Foreign Minister Abba Eban leaves next week for official visits to Brazil and Bolivia, two of Israel’s best friends in Latin America. Details of the Itinerary are being kept unpublished for security reasons.
The purpose of the visits will be twofold, Dr. Joel Barroml, head of the Foreign Ministry’s Latin American Department, told newsmen here today: to tighten already close and friendly relations between Israel and the two countries and for Eban to review the Israeli aid and cooperation programs going ahead in each.
Both visits are technically return trips. Bolivia’s Foreign Minister Mario Gutierrez was here in 1971, and Brazil’s Foreign Minister Mario Gibson Barboza in Feb. 1973. Barromi said Eban was planning a further South American trip after the fall elections. Both Brazil and Bolivia are not members of the non-aligned bloc of 56 nations which is so consistently hostile to Israel in the UN and other forums.

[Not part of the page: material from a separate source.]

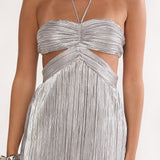 Isle Cut-Out Halterneck Maxi Dress Silver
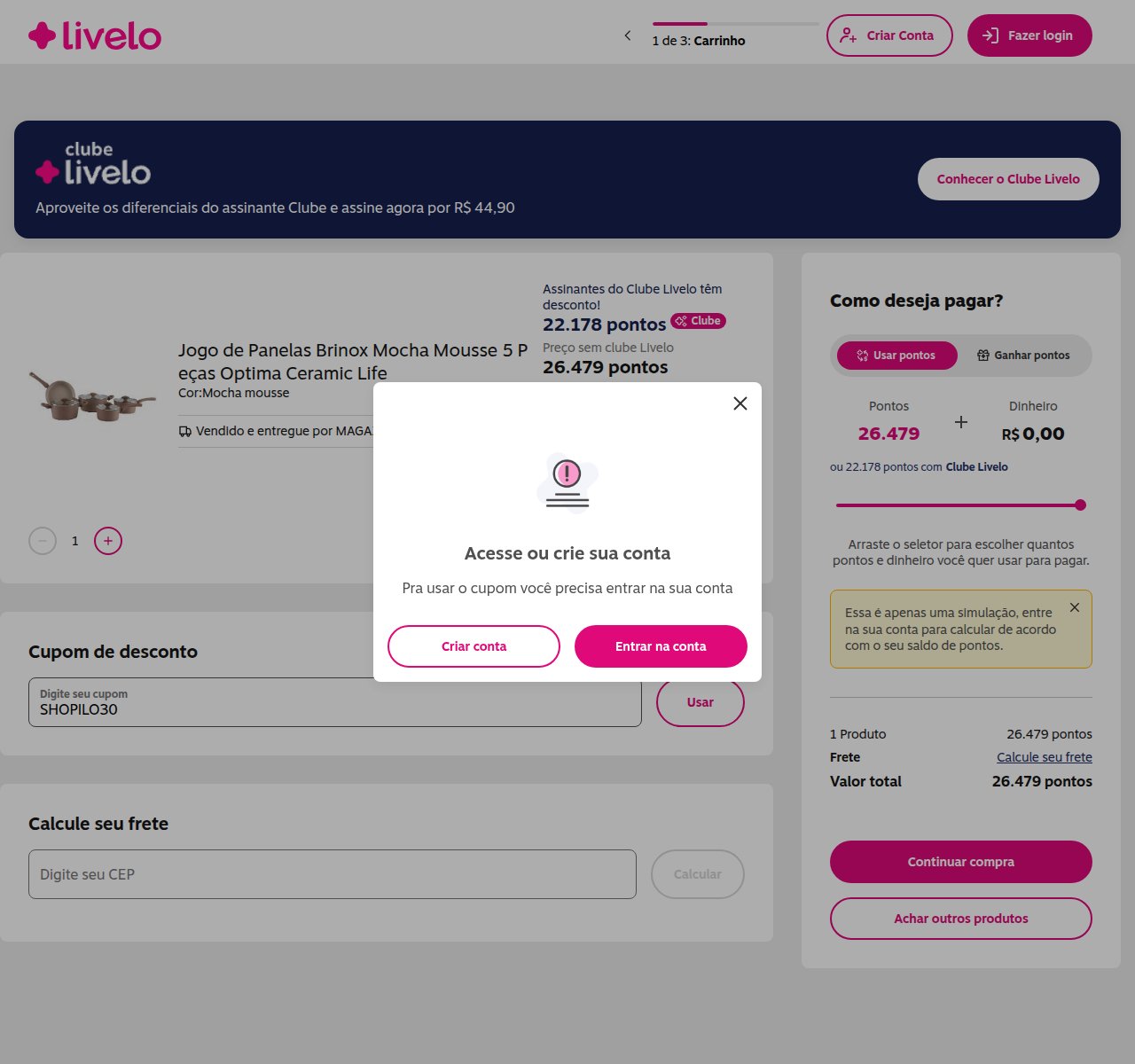 Onde inserir o código de desconto no site da Livelo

On the contrary, both have sympathetic voting records on the issue of the Middle East.
Brazil was the first Latin American country to receive Israeli aid when an agricultural team was sent there in 1962. Eban will visit the team and see its work in the Recife area. He will also broach with Barboza the issue of scientific cooperation and possibly arrange for an exchange of scientific missions. Israel views Brazil as an important and potentially major power in science as well as politics.
Eban will also visit Jewish communities in Rio and Sao Paulo. There are some 150,000 Jews in Brazil and about 2000 in Bolivia. The Minister will be accompanied by Ephraim Evron, the deputy director general of the Foreign Ministry.